La sera dell'8 Giugno i reparti salirono fino al Passo di Pisgana dal fondo valle, e arrivarono alle 4 della mattina del 9 Giugno, in ritardo di un'ora rispetto alla tabella di marcia; da qui la colonna proseguì verso il Passo Maroccaro, per altre due ore di marcia, coperta all'osservazione nemica da un fitta nebbia.
Improvvisamente un colpo di vento diradò la nebbia e la numerosa colonna alpina fu individuata dalle sentinelle austriache poste al Rifugio Mandrone, ove erano presenti circa un centinaio di sciatori, alcuni dei quali partirono immediatamente verso il Passo Paradiso per segnalare l'imminente attacco italiano.
Per impedire un eventuale attacco austriaco al fianco italiano, circa 70 alpini della colonna furono inviati in direzione del Rifugio Mandrone per proteggere le retrovie della colonna, mentre la restante parte delle truppe arrivò finalmente alle 6.45 al Passo Marocaro. Furono immediatamente inviate all'attacco la 44 e la 45
compagnia lungo il nevaio fino al laghetto del Monticello per poi sferrare l'attacco al Passo Paradiso.

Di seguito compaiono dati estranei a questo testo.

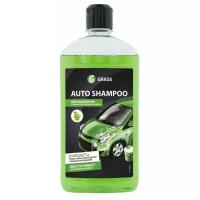 Grass Автошампунь для ручной мойки Auto Shampoo с ароматом яблока 0.5 кг 0.5 л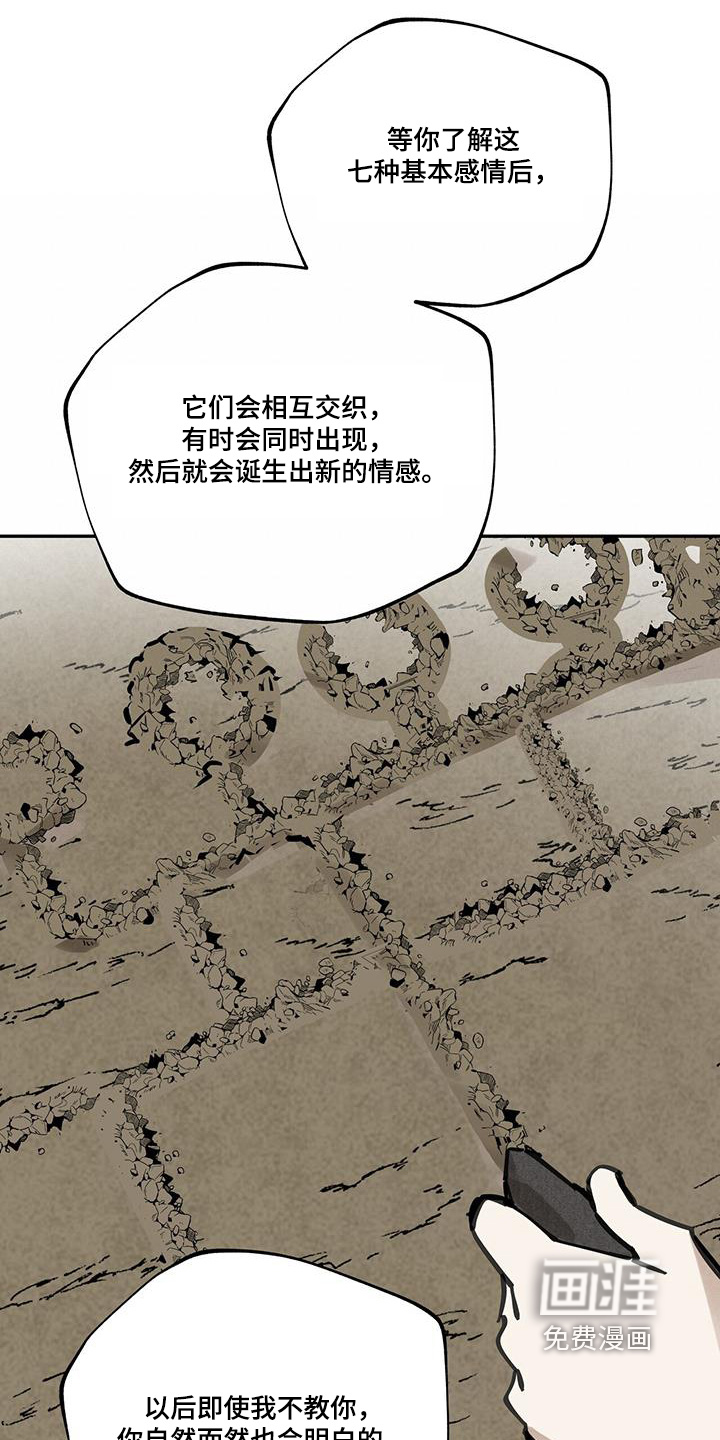 第167话13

La 47 compagnia rimase di riserva al Passo Maroccaro. All'alba le due compagnie avanzanti furono scoperte dalle truppe austriache presenti al Passo Paradiso che immediatamente presero posto nelle ridotte per respingere l'attacco. E furono anche inquadrate dagli artiglieri presenti nei forti Strino e Presanella (non presenti nella
cartina e posizionati ad Est rispetto al Passo). Contemporaneamente a tale azione, altri alpini attaccarono le posizioni austriache del Castellaccio, ma senza alcun successo.
Il comandante austriaco inviò una squadra di sciatori verso il Passo di Casamadre per proteggere il fianco destro ed una colonna sulla sinistra verso il ghiacciaio del Presena per proteggere il fianco sinistro. Al centro dello schieramento i rimanenti soldati pronti ad opporre fiera resistenza alle truppe alpine ormai prossime alle
posizioni sul laghetto del Monticello. Le due compagnie assaltarono le ridotte austriache, ma furono pesantemente bersagliate dai Landesschutzen e dai colpi di artiglieria sparati dai forti precedentemente indicati.
Bersagliati da più parti solo pochi alpini riuscirono ad arrivare nelle immediate vicinanze delle trincee nemiche, ma qui furono definitivamente inchiodati dal fuoco avversario. Il comandante del battaglione, rimasto in retrovia al Passo Maroccaro, si apprestò ad impegnare l'ultima compagnia presente, quando comparve sul fianco la colonna
austriaca inviata sul ghiacciaio del Presena che immediatamente impegnò le truppe alpine, bloccandone definitivamente la possibile avanzata.
Il colonnello Castelli a questo punto non potè far altro che suonare la ritirata generale, visto anche il numero elevato di ufficiali morti o feriti; i resti delle due compagnie lanciate all'attacco iniziarono quindi la ritirata verso il Passo Maroccaro, abbandonando sul terreno i morti ed i feriti più gravi.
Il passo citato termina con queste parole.